Published 25 May 2021 in cs.CL and cs.AI
ConSERT: A Contrastive Framework for Self-Supervised Sentence Representation Transfer

Abstract: Learning high-quality sentence representations benefits a wide range of natural language processing tasks. Though BERT-based pre-trained LLMs achieve high performance on many downstream tasks, the native derived sentence representations are proved to be collapsed and thus produce a poor performance on the semantic textual similarity (STS) tasks. In this paper, we present ConSERT, a Contrastive Framework for Self-Supervised Sentence Representation Transfer, that adopts contrastive learning to fine-tune BERT in an unsupervised and effective way. By making use of unlabeled texts, ConSERT solves the collapse issue of BERT-derived sentence representations and make them more applicable for downstream tasks.
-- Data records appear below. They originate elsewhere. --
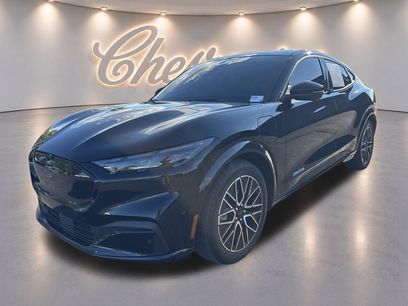 Used 2024 Ford Mustang Mach-E Premium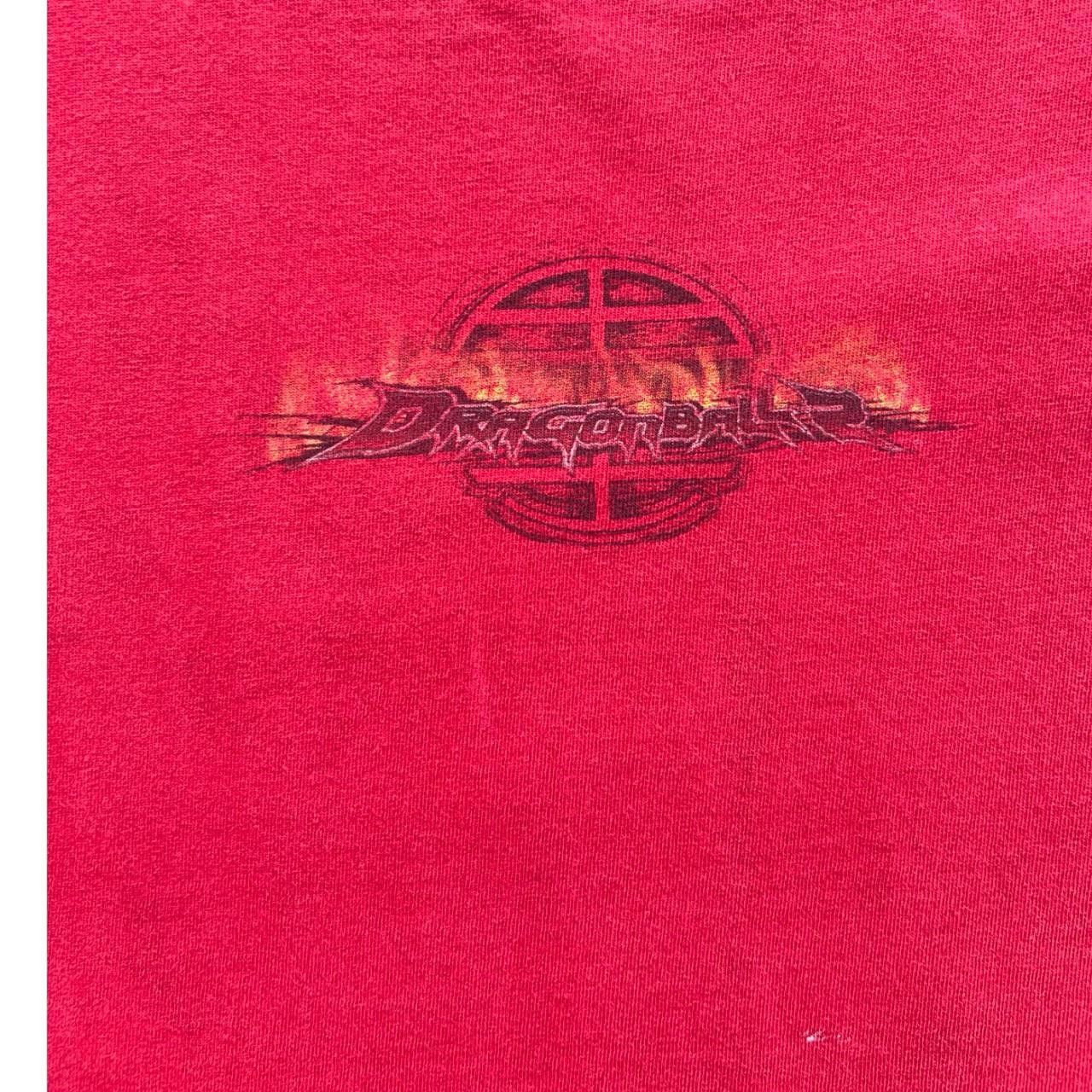 Designer 2001 Dragon Ball Z 4649 Size US XL / EU 56 / 4 - 4 Thumbnail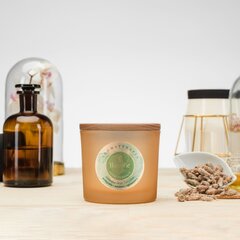 Loodusliku sojavahaga lõhnaküünal Flagolie - Peracemaker/Aromatherapy Collection 170 g hind ja info | Küünlad, küünlajalad | kaup24.ee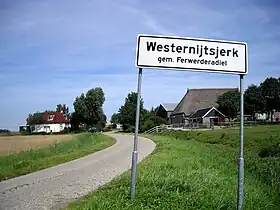 Westernijtsjerk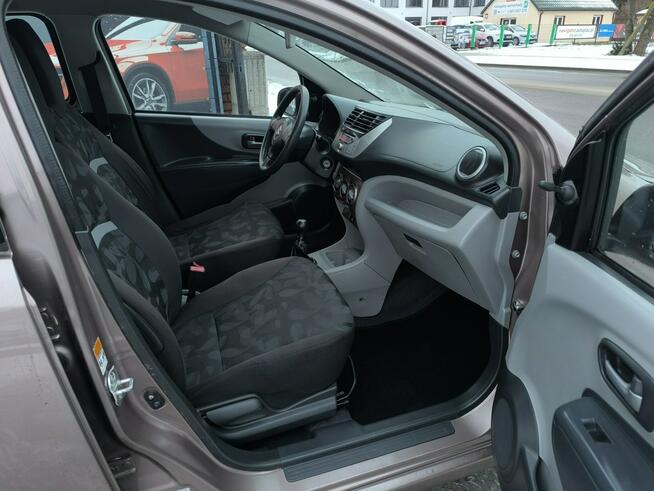 Suzuki Alto 1.0i 65KM Klimatyzacja OPŁACONY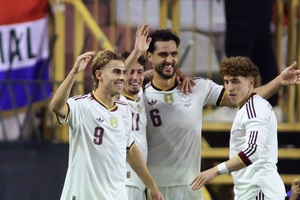 Nations League: Ο απίθανος Μερίνο έστειλε την Ισπανία στους «8», ακάθεκτη η Αγγλία, 4x4 η Ελβετία, γλίτωσε τρελό κάζο η Αλβανία!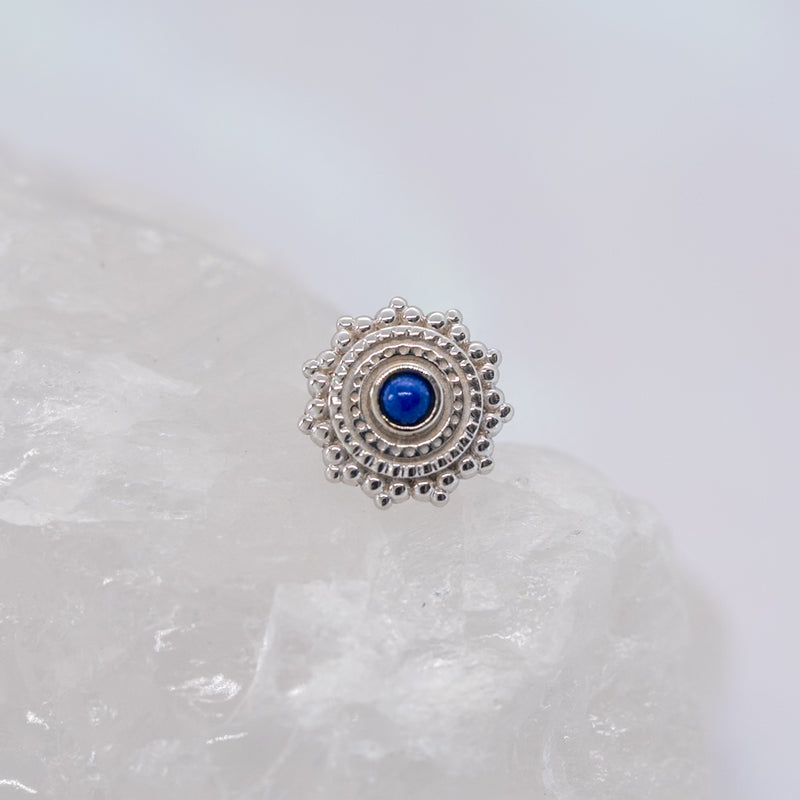 BVLA Round Afghan (6mm)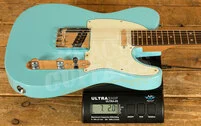 Suhr Classic T Vintage Limited Edition | Daphne Blue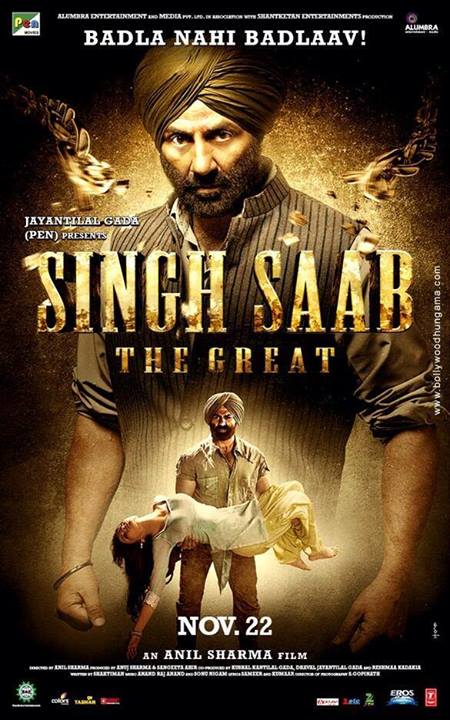Singh Saab The Great Movie Download In Hindi 720p charme rahan glaskla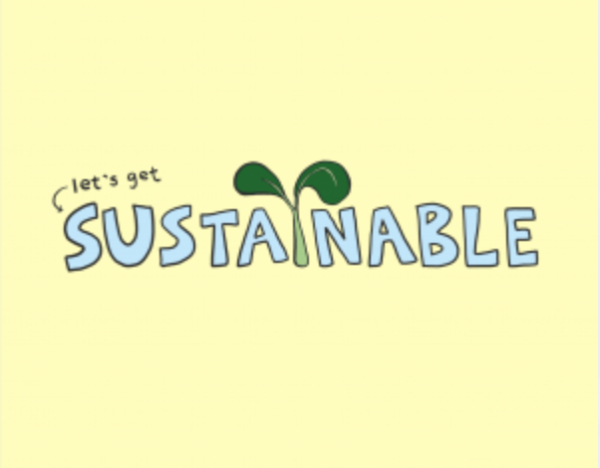 Sustainable Monday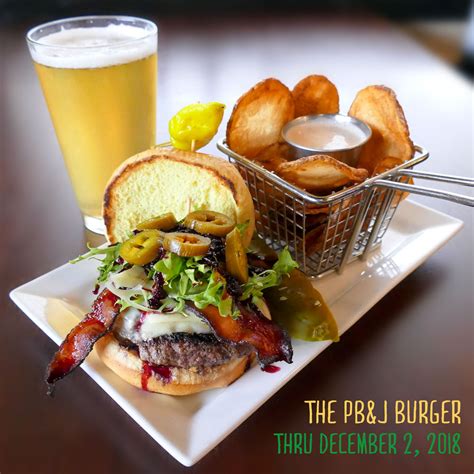 Hops Burger Bar | Fine Burgers & Fine Beers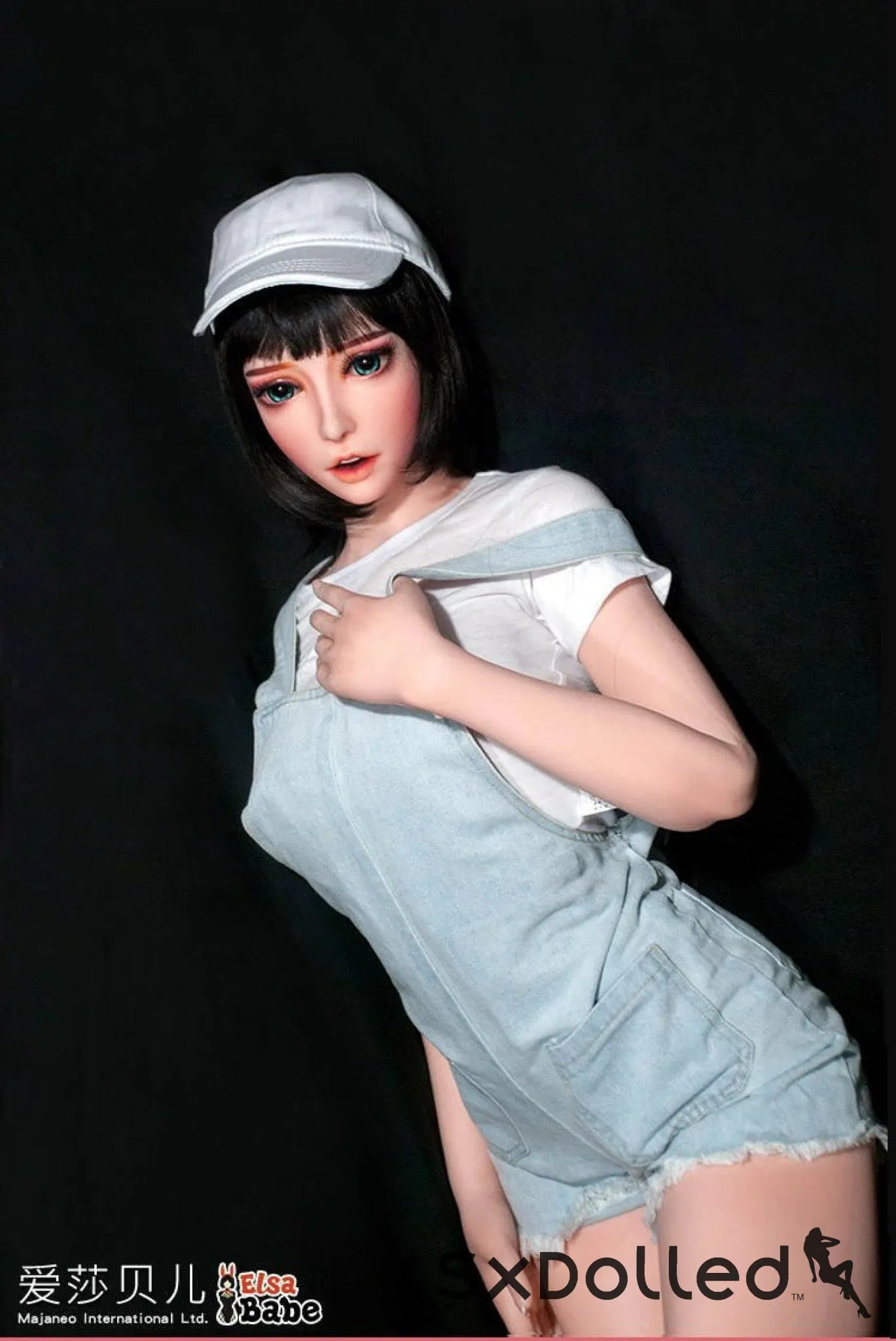 Ai (E-Cup) (150cm) | Sex Doll | Elsa Babe Doll | SxDolled.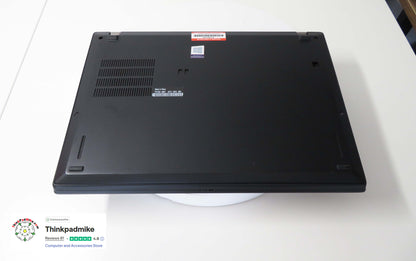 Lenovo ThinkPad x390 i7 1.9Ghz 8665U 16GB RAM 512GB SSD IPS Touch Screen B\L KB (1094)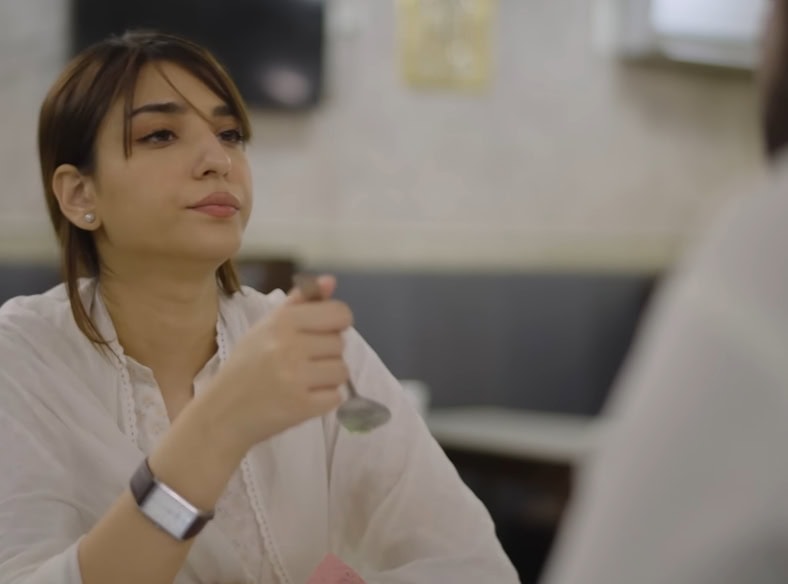 بریانی قسط 25 - شائقین نسا کے منگیتر راشد بھائی کے لئے پریشان ہیں بریانی قسط 25 - شائقین نسا کے منگیتر راشد بھائی کے لئے پریشان ہیں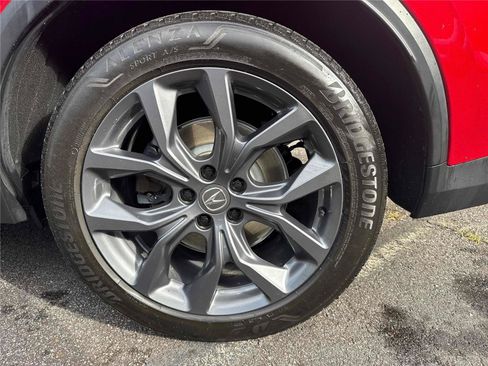 Used 2022 Acura MDX A-Spec AWD/4WD image 31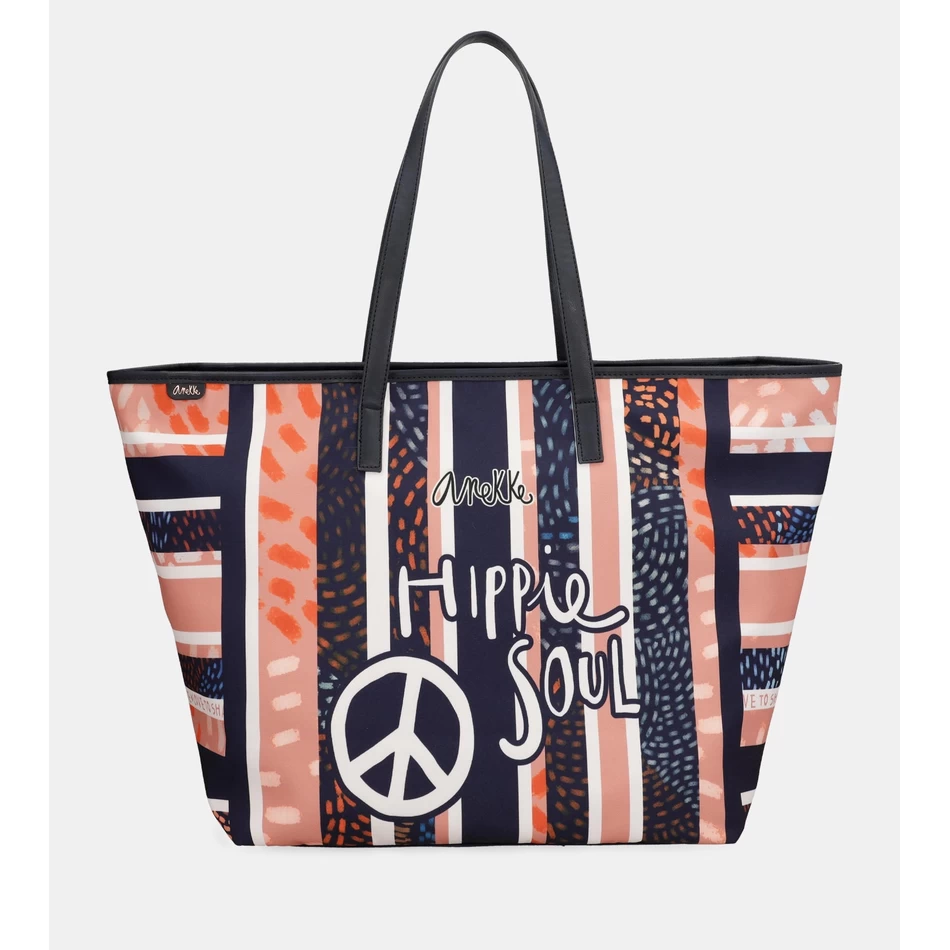 Anekke Hippie Soul Strandväska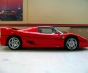 Фото Ferrari F50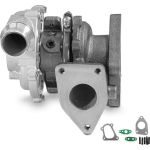 Turbolader für RENAULT OPEL MOVANO MASTER X62 für RVI / Renault / MaK Turbolader für RENAULT OPEL MOVANO MASTER X62 für RVI / Renault / MaK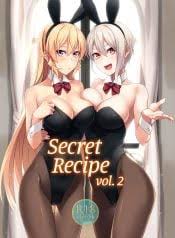 Rule if it exists there is porn jpg x Food wars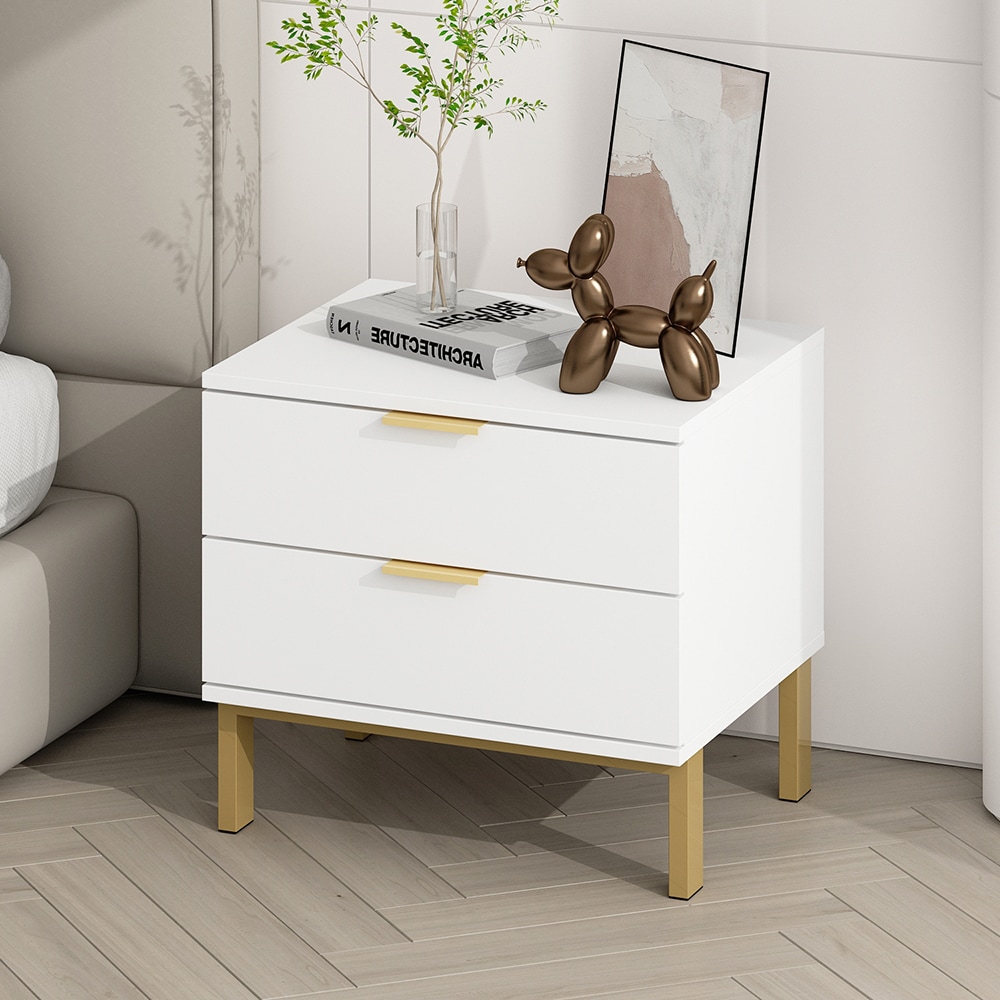 Homsee V-KF200155-02 nightstands - View #3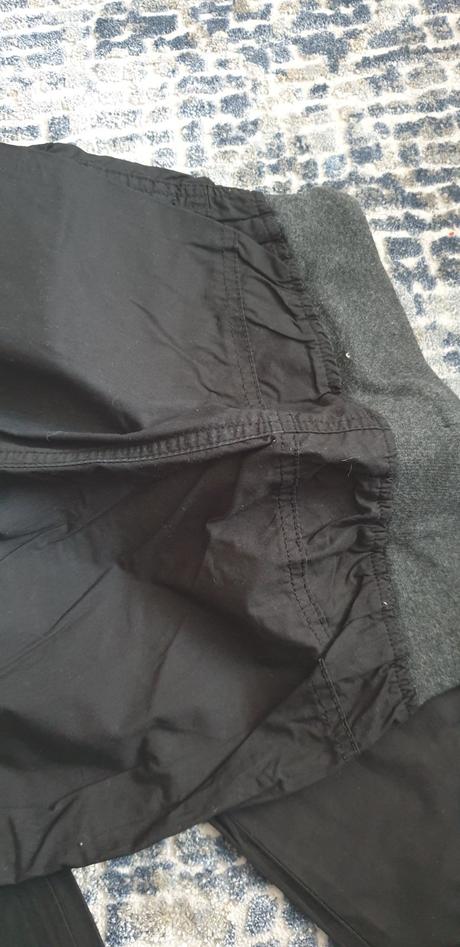 Tenké nohavice č.140, 140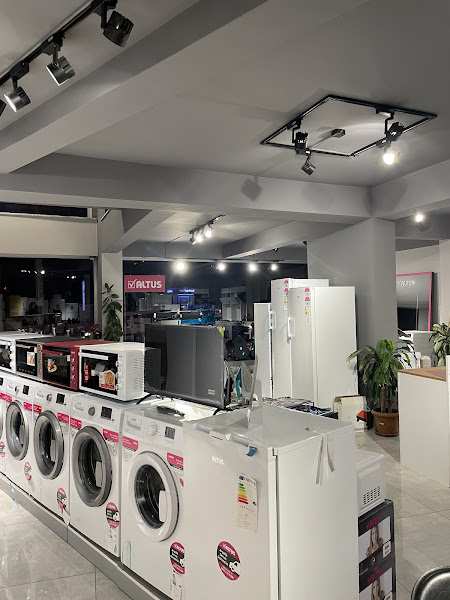 Altus-Grundig-Airfel Klima Denizli Yetkili Satıcı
Experiments on STS datasets demonstrate that ConSERT achieves an 8\% relative improvement over the previous state-of-the-art, even comparable to the supervised SBERT-NLI. And when further incorporating NLI supervision, we achieve new state-of-the-art performance on STS tasks. Moreover, ConSERT obtains comparable results with only 1000 samples available, showing its robustness in data scarcity scenarios.

A Contrastive Framework for Self-Supervised Sentence Representation Transfer

The paper presents ConSERT, a novel framework designed to enhance BERT-derived sentence representations through an unsupervised contrastive learning approach. The authors address the prevalent issue of collapsed sentence representations inherent in BERT, which negatively impact performance on semantic textual similarity (STS) tasks. By leveraging unlabeled text data, ConSERT effectively refines sentence embeddings, demonstrating significant improvements in downstream task performance.

Problem and Motivation

BERT-based models, while successful across numerous NLP tasks, suffer from collapsed sentence representation spaces, where high-frequency tokens disproportionately influence the embedding quality. This impedes their utility in tasks requiring fine-grained semantic similarity assessment. Traditional amelioration involves supervised fine-tuning, which is resource-intensive. ConSERT offers a self-supervised alternative that alleviates these issues by reshaping representation spaces.

Approach

ConSERT employs a contrastive learning objective to align semantically similar sentence representations while separating dissimilar ones. It introduces four data augmentation strategies—adversarial attack, token shuffling, cutoff, and dropout—to create diverse semantic views for the same sentence. These augmentations play a pivotal role in enriching the learned representations without additional structural burdens at inference.

Numerical Results

Experimental evaluations on STS datasets indicate that ConSERT achieves an 8% relative improvement over previous state-of-the-art methods like BERT-flow, even rivaling supervised methods such as SBERT-NLI. Notably, ConSERT maintains competitive performance with only limited data, illustrating its robustness in scenarios of data scarcity.

Implications and Future Directions

The implications of ConSERT are manifold. Practically, it provides a scalable solution for enhancing pre-trained models with minimal data requirements, promoting efficiency in real-world applications. Theoretically, it surfaces insights into the representation collapse problem and posits contrastive learning as a viable solution. Future exploration could involve integrating ConSERT with other pre-trained models or expanding the contrastive framework to broader NLP applications.

Conclusion

ConSERT represents a significant step in unsupervised sentence representation learning, leveraging the power of contrastive learning to bridge the gap between pre-trained models and specific downstream task demands. Its promising results encourage further research into self-supervised methodologies for NLP, with potential applications in heterogeneous data environments where labeled data is scarce or costly to obtain.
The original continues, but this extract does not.